Diese beiden Schriftsteller markieren die Spannbreite menschlichen Lebens, die Sehnsucht nach Heil, Glück und einem gelingenden Leben, die ursprüngliche Konzeption des Menschseins und sein Scheitern sogar schon in der Wurzel der Sehnsucht nach Glück und gelingendem Leben. Wenn das Christentum am 25. März, am 8. Dezember und am 25. Dezember mit diesen feinen Verästelungen den Beginn dieses Heils festlich begeht, will es Mut machen, dieses so geschenkte Leben zu beginnen, auch wenn es verdichtet in der Karwoche genau so verästelt das Scheitern durchmacht, aber im Programm Jesu, seiner Gebrauchsanweisung, dieses Scheitern überwunden wird. Die Gebrauchsanweisung heißt übrigens Evangelium! In dieser Gebrauchsanweisung war er nicht nur Lehrmeister, sondern auch Lebemeister (Meister Eckehard). Das zeigt er im höchsten Fest – Ostern –, dass Gräber im Glauben an ihn überwunden werden können.

Und wenn jetzt jemand kommt – das ist mir sogar schon in einem Grundschulkind infolge schlechten Religionsunterrichts  begegnet – und sagt, das wird ja alles nur erzählt, das war ja nicht so, dann möchte ich auf die Macht von Narrativen hinweisen. 

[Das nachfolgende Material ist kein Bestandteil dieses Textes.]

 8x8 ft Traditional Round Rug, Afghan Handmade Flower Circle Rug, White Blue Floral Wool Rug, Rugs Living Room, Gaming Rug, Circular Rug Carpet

Die Macht der Narrative und die Schwäche der praktischen Vernunft

Was heißt das? Die Gedanken zu diesen Ausführungen sind mir gekommen anlässlich des Todes von Herbert Schnädelbach (+ 9. 11. 2024), der sich als einen frommen, aber auch traurigen Atheisten bezeichnet hat. Zu seinem Gedenken wurde im Münsteraner Forum für Theologie und Kirche eine Diskussion zu Dostojewskis Ausspruch Falls es keinen Gott gibt, ist alles erlaubt zwischen ihm und Hans Joas noch einmal wiederholt. Schnädelbach war geradezu erzürnt über diesen Ausspruch Dostojewskis und beansprucht auch für Atheisten – auf Kants Konzept der praktischen Vernunft pochend – moralisch zu sein und eine Ethik ohne Gott konzipieren zu können. Er schließt seine Ausführungen triumphierend mit den Worten: „Was könnte ein transzendenter Gott dem noch hinzufügen? Hans Joas stimmte ihm zu, mit einem Unterschied: Atheisten hätten keine Narrative, diese Moralität zu bebildern und unterstützend daraus leben zu können. Es seien nicht nur Narrative, sondern sie wären geschichtlich und räumlich verortet (1h, 48 Min). Überraschend war, dass Schnädelbach zugab, an seiner Universität, der Humboldt Universität in Berlin, in – so wörtlich – einem elfenbeinernen Turm gelebt zu haben (1h, 48 Min) und solche Narrative nur literarisch anbieten zu können. Die Tatsache, dass es keinen Gott gäbe, nahm er nicht triumphierend zur Kenntnis, sondern es mache ihn traurig, daher nenne er sich auch einen frommen Atheisten. Hans Joas, der übrigens nicht zu meinen Lieblingsphilosophen gehört – was nicht heißt, dass er nicht dennoch ein kluger Kopf ist – hat dann in sehr anschaulicher Weise den Vorteil, historisch wurzelnde Narrative zu haben, mit großer Überzeugungs- und Sprachgewalt dargelegt und Schnädelbach hat dann auch in diesem Zusammenhang ehrlicherweise zugegeben, traurig zu sein, nicht an so etwas glauben zu können.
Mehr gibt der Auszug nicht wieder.